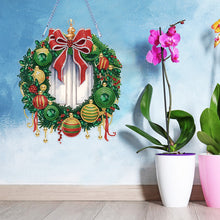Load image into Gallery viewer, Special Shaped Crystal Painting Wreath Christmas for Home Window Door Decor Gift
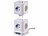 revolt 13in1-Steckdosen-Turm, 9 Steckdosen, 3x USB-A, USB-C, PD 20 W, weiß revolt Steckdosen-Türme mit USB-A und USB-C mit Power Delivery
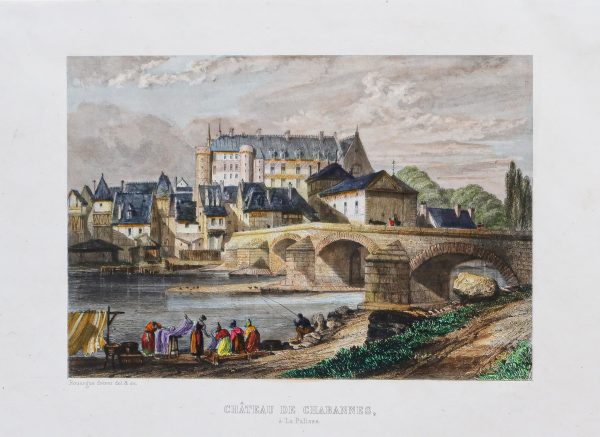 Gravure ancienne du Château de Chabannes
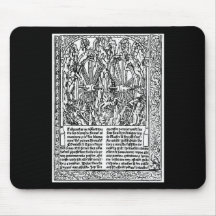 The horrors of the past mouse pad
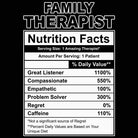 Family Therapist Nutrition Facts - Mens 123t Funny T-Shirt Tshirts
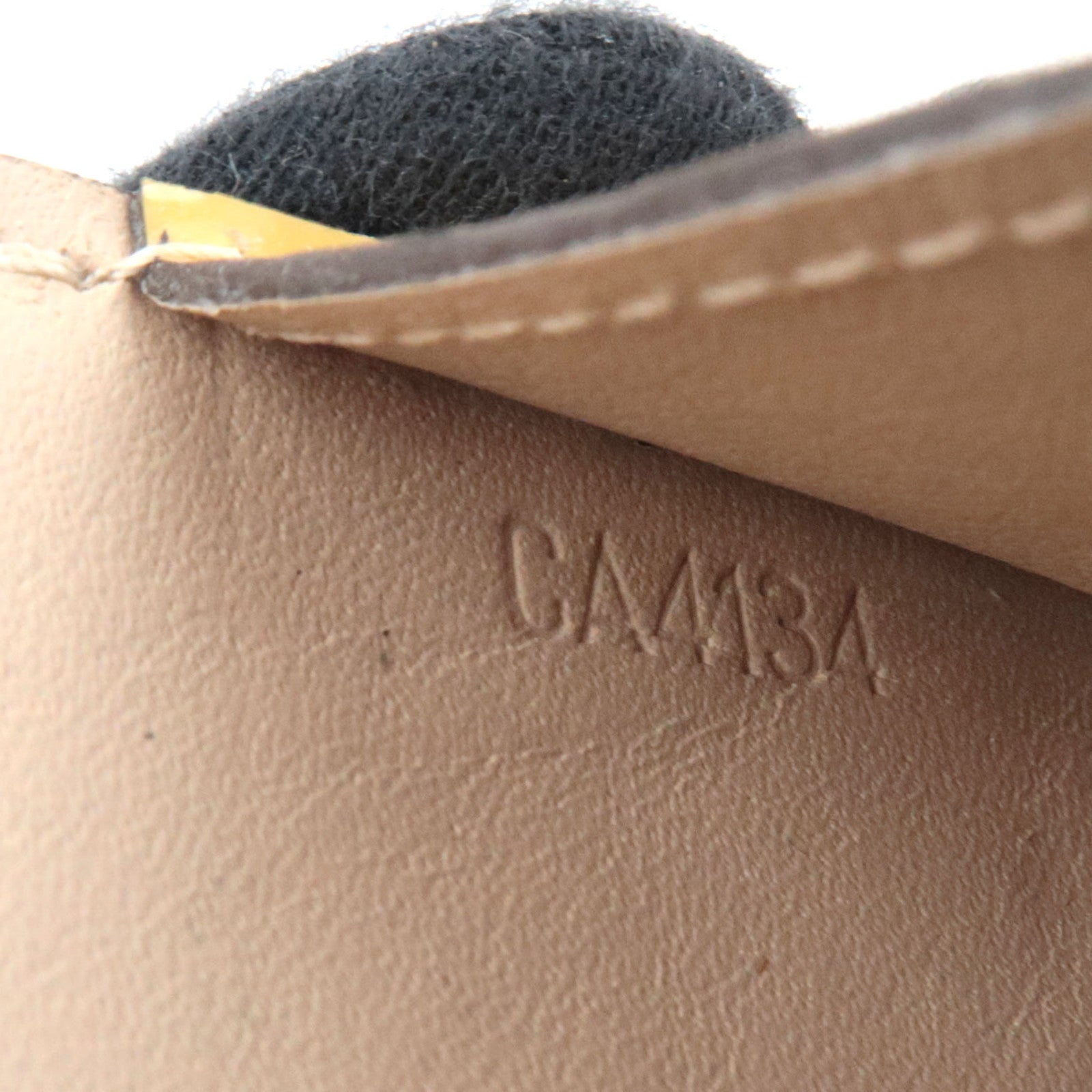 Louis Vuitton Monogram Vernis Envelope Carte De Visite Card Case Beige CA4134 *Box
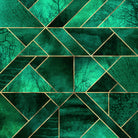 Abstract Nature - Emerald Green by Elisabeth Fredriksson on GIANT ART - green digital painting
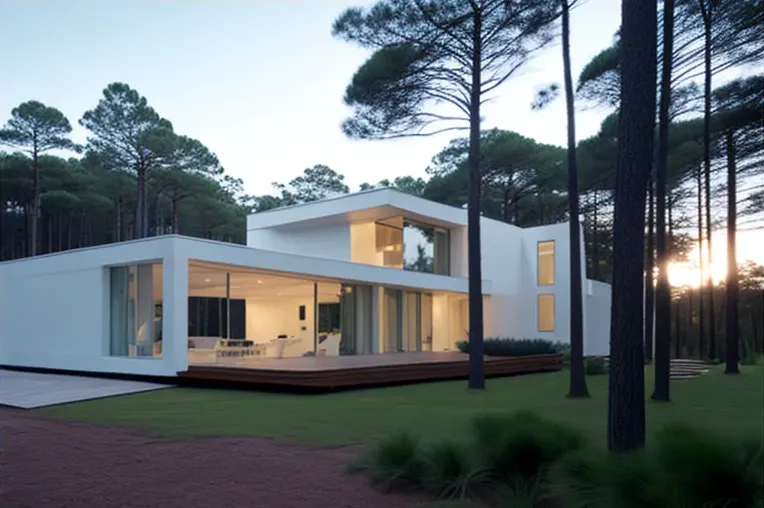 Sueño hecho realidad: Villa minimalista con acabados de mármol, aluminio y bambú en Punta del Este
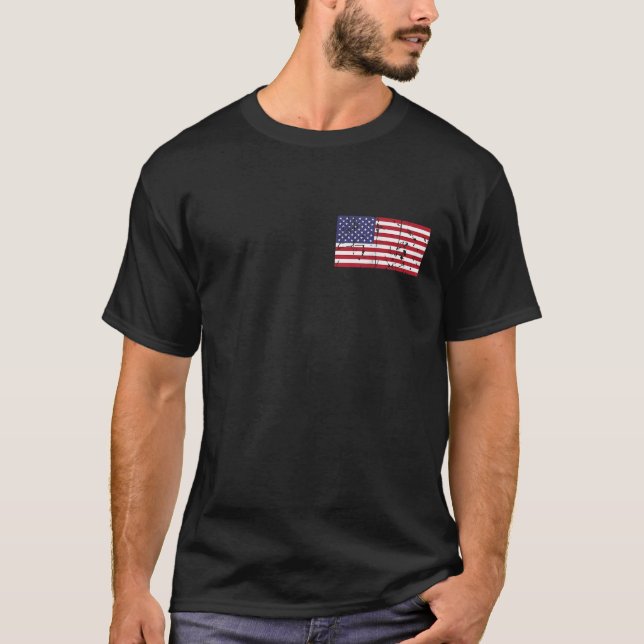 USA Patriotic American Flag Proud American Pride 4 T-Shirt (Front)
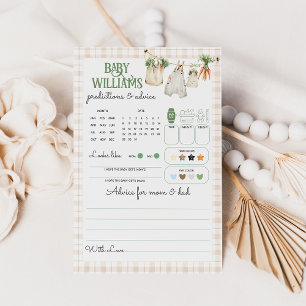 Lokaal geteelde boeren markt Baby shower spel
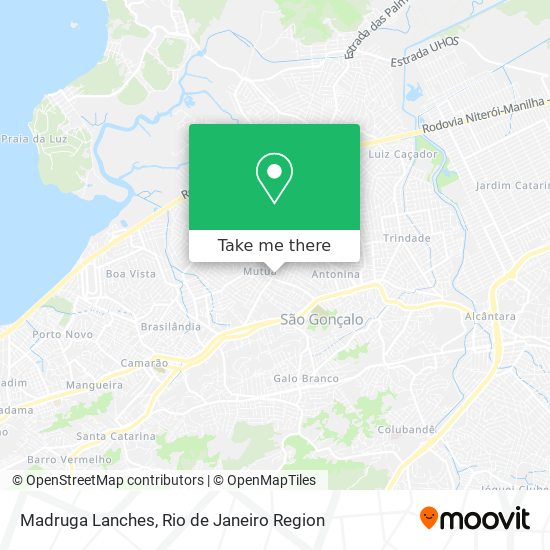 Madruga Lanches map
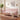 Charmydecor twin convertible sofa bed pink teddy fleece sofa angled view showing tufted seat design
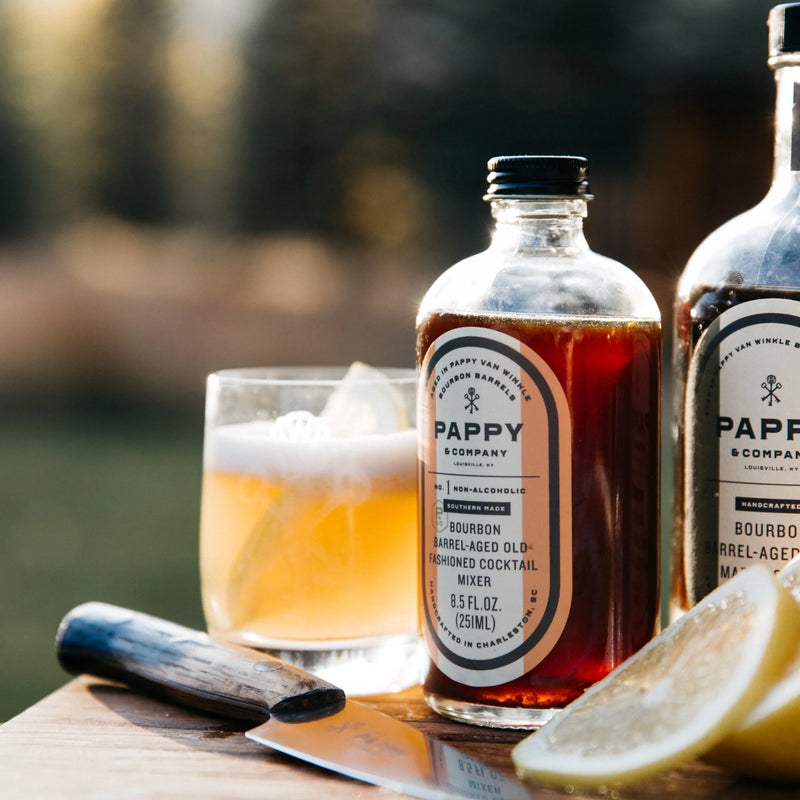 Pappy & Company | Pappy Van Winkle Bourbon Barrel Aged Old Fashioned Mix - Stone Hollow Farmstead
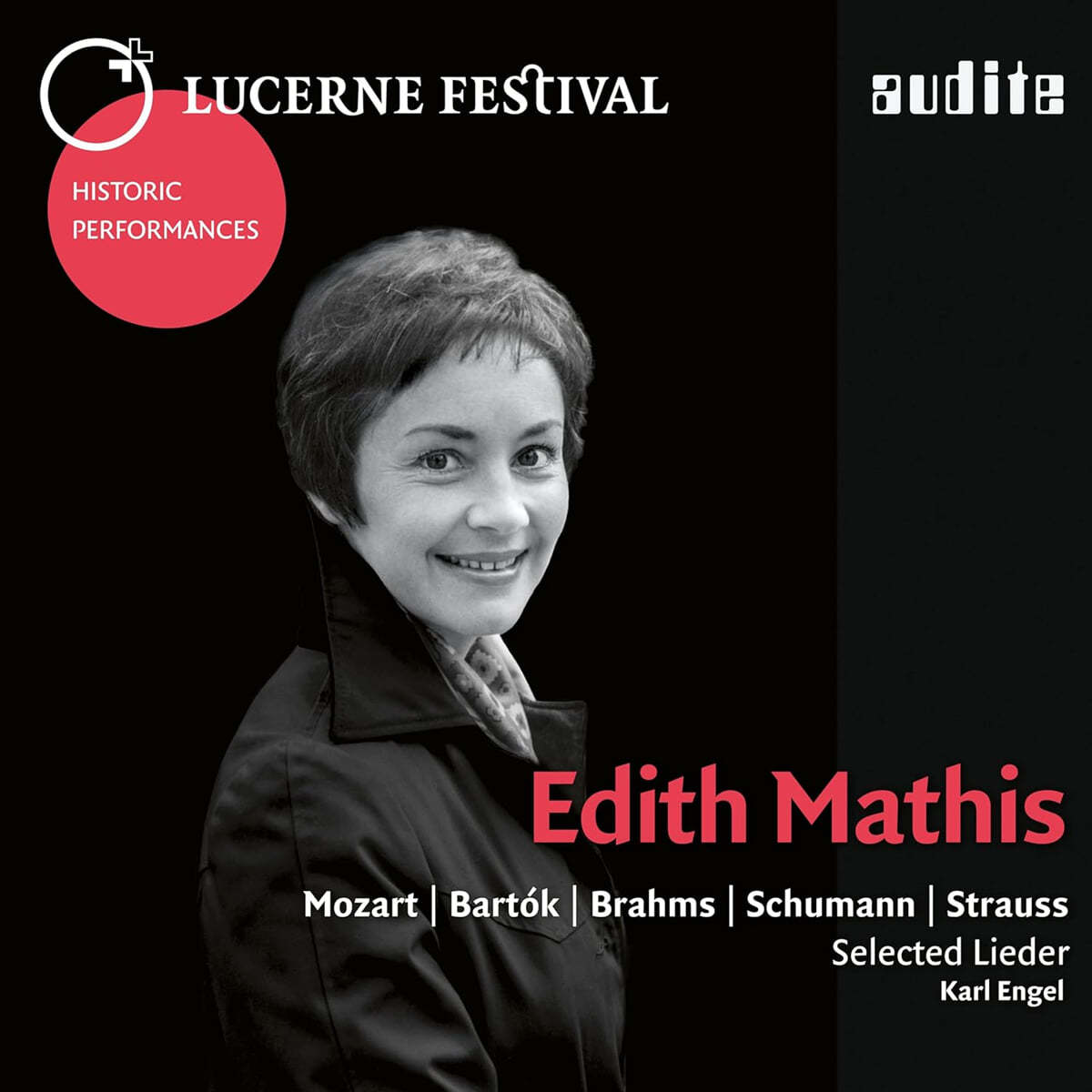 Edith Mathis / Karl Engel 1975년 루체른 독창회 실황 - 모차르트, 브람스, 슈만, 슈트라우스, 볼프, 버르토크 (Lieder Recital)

--------

- _Problem requirements_: From the first line to the last, return the records exactly and leave the pictures behind.

- _Answer space_:
Load image into Gallery viewer, Special Shaped Crystal Painting Wreath Christmas for Home Window Door Decor Gift
 revolt 13in1-Steckdosen-Turm, 9 Steckdosen, 3x USB-A, USB-C, PD 20 W, weiß revolt Steckdosen-Türme mit USB-A und USB-C mit Power Delivery
 Gravure ancienne du Château de Chabannes
 The horrors of the past mouse pad
 Family Therapist Nutrition Facts - Mens 123t Funny T-Shirt Tshirts
 Louis Vuitton Monogram Vernis Envelope Carte De Visite Card Case Beige CA4134 *Box
 Abstract Nature - Emerald Green by Elisabeth Fredriksson on GIANT ART - green digital painting
 Sueño hecho realidad: Villa minimalista con acabados de mármol, aluminio y bambú en Punta del Este
 USA Patriotic American Flag Proud American Pride 4 T-Shirt (Front)
 Lokaal geteelde boeren markt Baby shower spel
 Madruga Lanches map
 Charmydecor twin convertible sofa bed pink teddy fleece sofa angled view showing tufted seat design
 Pappy & Company | Pappy Van Winkle Bourbon Barrel Aged Old Fashioned Mix - Stone Hollow Farmstead
 Edith Mathis / Karl Engel 1975년 루체른 독창회 실황 - 모차르트, 브람스, 슈만, 슈트라우스, 볼프, 버르토크 (Lieder Recital)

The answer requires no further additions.